Dialogue au sujet du tableau… 



Ce tableau a fortement impressionné certains visiteurs. J’en ai gardé un dialogue. 

C’est Thaddée qui commence la conversation, et moi qui répond : 


« - Ô temps suspends ton vol... et le ballon se figea entre terre et ciel comme dans un tableau surréaliste. C'est extraordinaire. Ce ballon suspendu capte toute l'attention. Il ne nous détourne et ne nous distrait pas pour autant des trois personnages, dont deux sont vraiment très beaux. Le troisième est loin mais on voit son reflet dans l'eau. Ce qu'on ne sait pas, c'est si ce ballon s'apprête à toucher terre ou, au contraire, rebondit. Cette sensation de temps arrêté est stupéfiante, impressionnante même. Pourquoi ce tableau s'appelle "Zwin N2" ? 


- La scène du tableau pourrait se dérouler un peu partout à la mer du Nord, c’est celle que je connais le mieux. Pourtant j'indique le lieu exact, la plage de la réserve naturelle du Zwin, située sur la côte belge à la frontière avec les Pays-Bas. De là vient le titre du tableau, Zwin. J'y ai passé des heures inoubliables à faire de la voile et à nager nu

A une époque c'était probablement l'unique endroit en Belgique où on pouvait nager entièrement nu le soir sans être dérangé ni déranger les autres. Le deuxième texte que j'y ai rajouté est une fiction extraite d'une série de nouvelles. Elle n'a à l'origine rien avoir avec le tableau, et pourtant ce qui m'a frappé c'est que histoire et tableau me ramenaient tous deux à ces jours heureux vécus dans le Zwin. 


- Je m'arrête de nouveau devant ce tableau étrange et saisissant. "Cette balle au bond", c'est quelque chose qui me trouble infiniment. Parce qu'il y a une sorte d'immobilité dans le tableau, comme une "finitude", une perfection... et cette balle est interrompue dans un mouvement. Du coup je vois tous les possibles : elle va rouler contre le flanc du garçon blond. Ou plutôt passer entre les deux personnages. Elle me semble venir de gauche pour aller vers la droite. Mais tout est possible n'est-ce pas? C'est vraiment une peinture captivante.

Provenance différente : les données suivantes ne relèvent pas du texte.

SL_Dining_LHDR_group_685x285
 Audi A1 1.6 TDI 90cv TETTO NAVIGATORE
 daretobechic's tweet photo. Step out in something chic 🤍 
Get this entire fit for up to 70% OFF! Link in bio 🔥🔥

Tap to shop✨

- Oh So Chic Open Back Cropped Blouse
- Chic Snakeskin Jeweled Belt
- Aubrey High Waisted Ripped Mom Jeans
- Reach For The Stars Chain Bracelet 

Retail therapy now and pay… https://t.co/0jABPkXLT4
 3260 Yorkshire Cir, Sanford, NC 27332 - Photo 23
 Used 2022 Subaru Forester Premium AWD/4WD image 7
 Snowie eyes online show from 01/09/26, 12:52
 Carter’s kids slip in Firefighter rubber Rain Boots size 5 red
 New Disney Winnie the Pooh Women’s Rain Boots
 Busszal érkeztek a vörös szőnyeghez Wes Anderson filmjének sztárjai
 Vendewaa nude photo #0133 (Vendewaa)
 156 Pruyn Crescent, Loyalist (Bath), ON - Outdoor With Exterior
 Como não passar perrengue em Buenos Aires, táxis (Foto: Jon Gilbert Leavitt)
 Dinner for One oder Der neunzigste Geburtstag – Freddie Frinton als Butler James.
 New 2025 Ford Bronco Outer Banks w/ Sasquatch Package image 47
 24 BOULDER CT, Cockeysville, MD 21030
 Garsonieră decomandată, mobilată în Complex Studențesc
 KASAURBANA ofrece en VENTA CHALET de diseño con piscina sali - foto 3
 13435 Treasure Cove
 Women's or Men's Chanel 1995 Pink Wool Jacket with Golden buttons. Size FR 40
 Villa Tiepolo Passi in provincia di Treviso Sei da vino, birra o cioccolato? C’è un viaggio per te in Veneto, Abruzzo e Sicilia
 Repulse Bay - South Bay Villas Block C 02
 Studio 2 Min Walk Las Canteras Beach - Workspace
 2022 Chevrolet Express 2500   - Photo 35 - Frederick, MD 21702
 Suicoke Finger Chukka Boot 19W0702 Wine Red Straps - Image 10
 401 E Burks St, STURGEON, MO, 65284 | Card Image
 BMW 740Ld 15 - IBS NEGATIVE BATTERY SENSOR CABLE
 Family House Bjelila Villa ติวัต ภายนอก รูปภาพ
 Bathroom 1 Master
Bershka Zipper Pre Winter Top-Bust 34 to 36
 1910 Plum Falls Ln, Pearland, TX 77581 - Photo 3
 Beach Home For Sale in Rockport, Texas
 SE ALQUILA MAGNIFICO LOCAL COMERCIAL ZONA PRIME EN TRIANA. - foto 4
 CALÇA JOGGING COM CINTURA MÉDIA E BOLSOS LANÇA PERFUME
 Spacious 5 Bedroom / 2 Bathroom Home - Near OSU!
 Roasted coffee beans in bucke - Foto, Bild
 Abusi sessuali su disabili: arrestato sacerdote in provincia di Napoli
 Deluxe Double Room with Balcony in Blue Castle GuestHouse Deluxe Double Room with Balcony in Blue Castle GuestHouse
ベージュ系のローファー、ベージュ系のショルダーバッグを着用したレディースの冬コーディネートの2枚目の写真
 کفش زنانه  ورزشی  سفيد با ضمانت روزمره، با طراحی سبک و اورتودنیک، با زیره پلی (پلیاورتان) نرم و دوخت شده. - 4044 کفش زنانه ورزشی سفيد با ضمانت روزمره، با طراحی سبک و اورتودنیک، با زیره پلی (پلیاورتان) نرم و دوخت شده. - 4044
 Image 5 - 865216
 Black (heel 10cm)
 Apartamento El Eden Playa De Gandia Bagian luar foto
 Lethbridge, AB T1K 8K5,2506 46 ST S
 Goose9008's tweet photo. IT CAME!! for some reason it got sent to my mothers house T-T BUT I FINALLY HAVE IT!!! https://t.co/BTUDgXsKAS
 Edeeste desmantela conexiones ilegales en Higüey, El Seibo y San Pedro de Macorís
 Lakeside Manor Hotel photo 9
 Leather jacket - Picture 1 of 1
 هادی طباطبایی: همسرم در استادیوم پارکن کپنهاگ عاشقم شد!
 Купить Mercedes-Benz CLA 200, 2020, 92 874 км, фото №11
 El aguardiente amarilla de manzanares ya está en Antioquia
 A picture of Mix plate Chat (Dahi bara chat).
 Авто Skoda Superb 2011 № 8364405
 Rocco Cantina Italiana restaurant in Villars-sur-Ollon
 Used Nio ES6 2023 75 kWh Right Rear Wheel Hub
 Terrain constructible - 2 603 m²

On assiste à l'intrusion d'un élément fantastique, le temps suspendu, dans un décor où tout n'est que quiétude et beauté. Tes bleus sont magnifiques. 

As-tu peint d'autres tableaux représentant un mouvement interrompu de façon aussi flagrante ? 


- Tu me pose une véritable énigme à laquelle il m’est très difficile de répondre. J'aime ta question, car elle touche la raison d’être de tout tableau figuratif ! 

Car selon la sensibilité de chacun, il y aura d'autres de mes œuvres qui représentent un mouvement interrompu de manière aussi flagrante, ou pas. Ce que j'aime dans ce tableau-ci c'est qu'il nous provoque en raison de cet élément à première vue incongru, une balle jaune "immobilisée" dans l'air, on dirait qu'elle flotte. 

Mais ce tableau-ci nous parle de tous les tableaux, de toutes les photos: dans tous les cas les mouvements sont interrompus, on ne peut malheureusement pas savoir ce qui se passait juste avant ni ce qui se passera juste après la scène! Même les nuages et les feuilles des arbres sont censés bouger dans un paysage. Un autre exemple: Alexandra qui nage sous l'eau. Son mouvement est immobilisé, mais notre imaginaire la fait continuer à nager sous l'eau... Donc cela nous paraît normal, mais pas cette simple balle dans l'air! 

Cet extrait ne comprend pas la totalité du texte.